→ **EXERCISE OBJECTIVE**:
The output should be the listing below, limited to the lines from the one with "2018 Chevrolet Silverado" through the one with "Donkerblauwe shirt met", exact and without pictures.

(Beginning of DATA EXCERPTS)

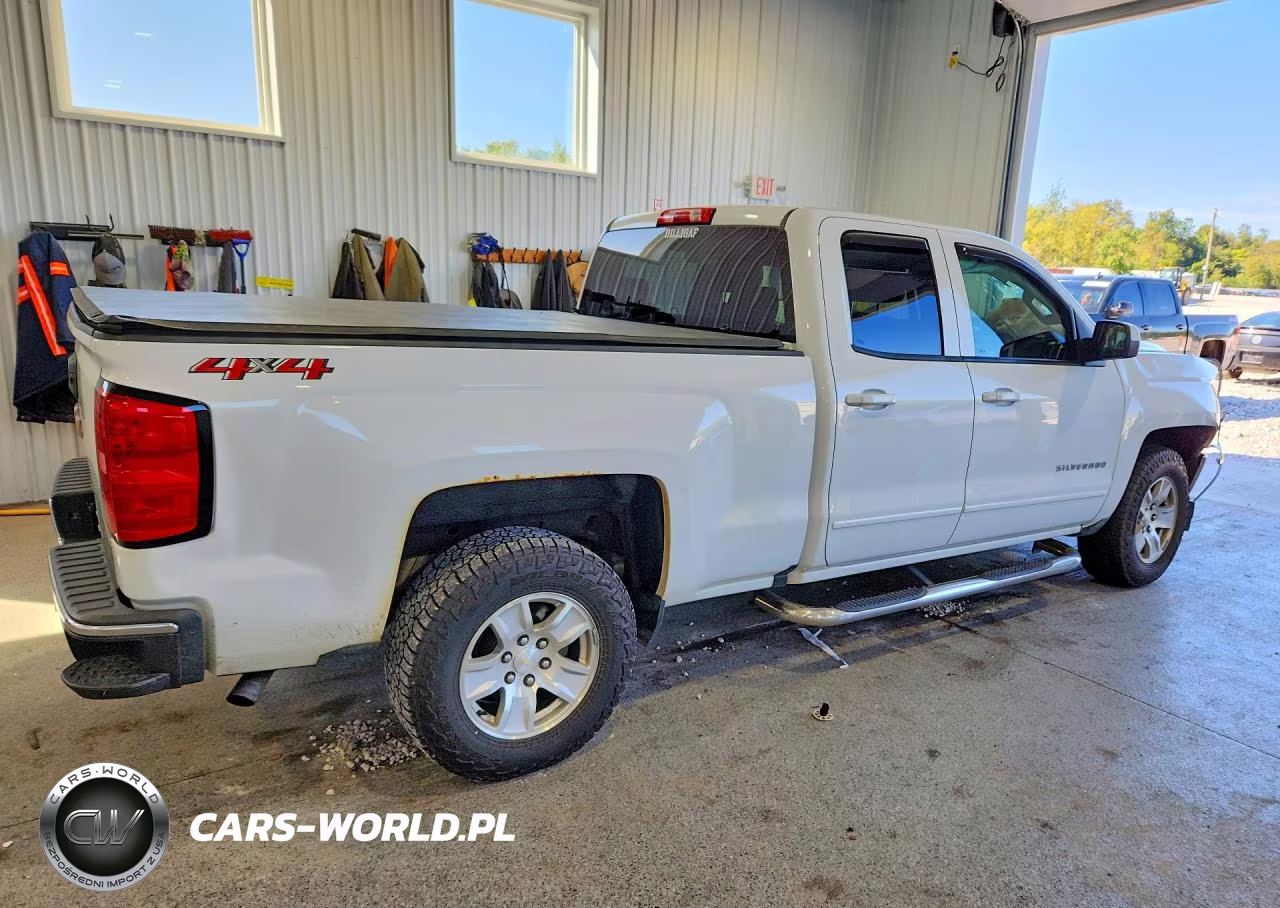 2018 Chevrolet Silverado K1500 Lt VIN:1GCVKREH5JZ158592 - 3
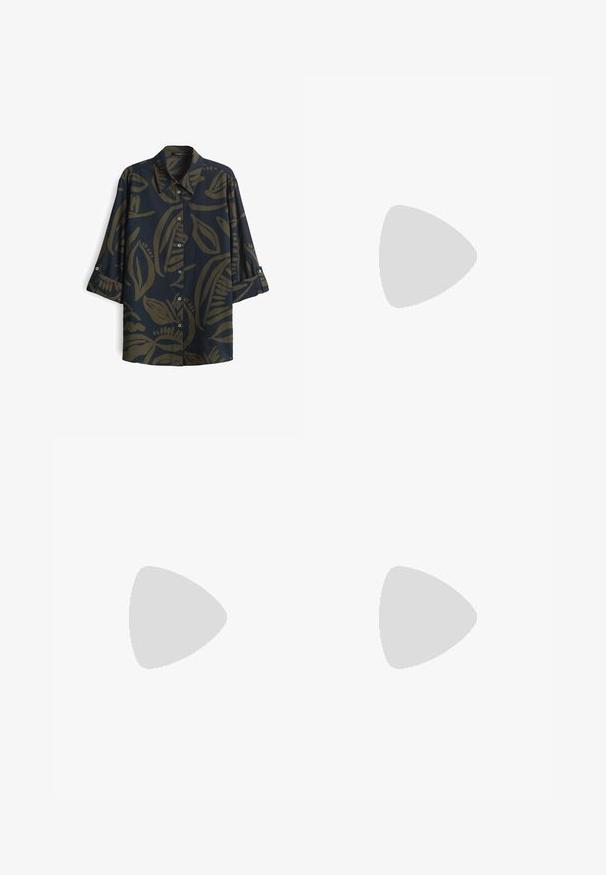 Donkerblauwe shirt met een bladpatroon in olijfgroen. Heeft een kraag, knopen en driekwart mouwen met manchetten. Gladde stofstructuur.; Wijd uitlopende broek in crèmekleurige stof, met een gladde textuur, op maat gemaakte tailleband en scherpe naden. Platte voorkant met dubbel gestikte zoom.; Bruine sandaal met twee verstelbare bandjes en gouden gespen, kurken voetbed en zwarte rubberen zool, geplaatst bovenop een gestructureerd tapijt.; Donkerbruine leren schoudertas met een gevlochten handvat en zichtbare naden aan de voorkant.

(End of DATA EXCERPTS)
(Beginning of DATA EXCERPTS)

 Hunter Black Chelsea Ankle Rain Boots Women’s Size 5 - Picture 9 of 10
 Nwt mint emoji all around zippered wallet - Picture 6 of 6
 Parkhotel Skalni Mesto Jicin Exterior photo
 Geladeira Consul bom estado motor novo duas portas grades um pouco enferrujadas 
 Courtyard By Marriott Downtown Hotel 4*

(End of DATA EXCERPTS)

→ **RESULT BELOW**:
 2018 Chevrolet Silverado K1500 Lt VIN:1GCVKREH5JZ158592 - 3
 Donkerblauwe shirt met een bladpatroon in olijfgroen. Heeft een kraag, knopen en driekwart mouwen met manchetten. Gladde stofstructuur.; Wijd uitlopende broek in crèmekleurige stof, met een gladde textuur, op maat gemaakte tailleband en scherpe naden. Platte voorkant met dubbel gestikte zoom.; Bruine sandaal met twee verstelbare bandjes en gouden gespen, kurken voetbed en zwarte rubberen zool, geplaatst bovenop een gestructureerd tapijt.; Donkerbruine leren schoudertas met een gevlochten handvat en zichtbare naden aan de voorkant.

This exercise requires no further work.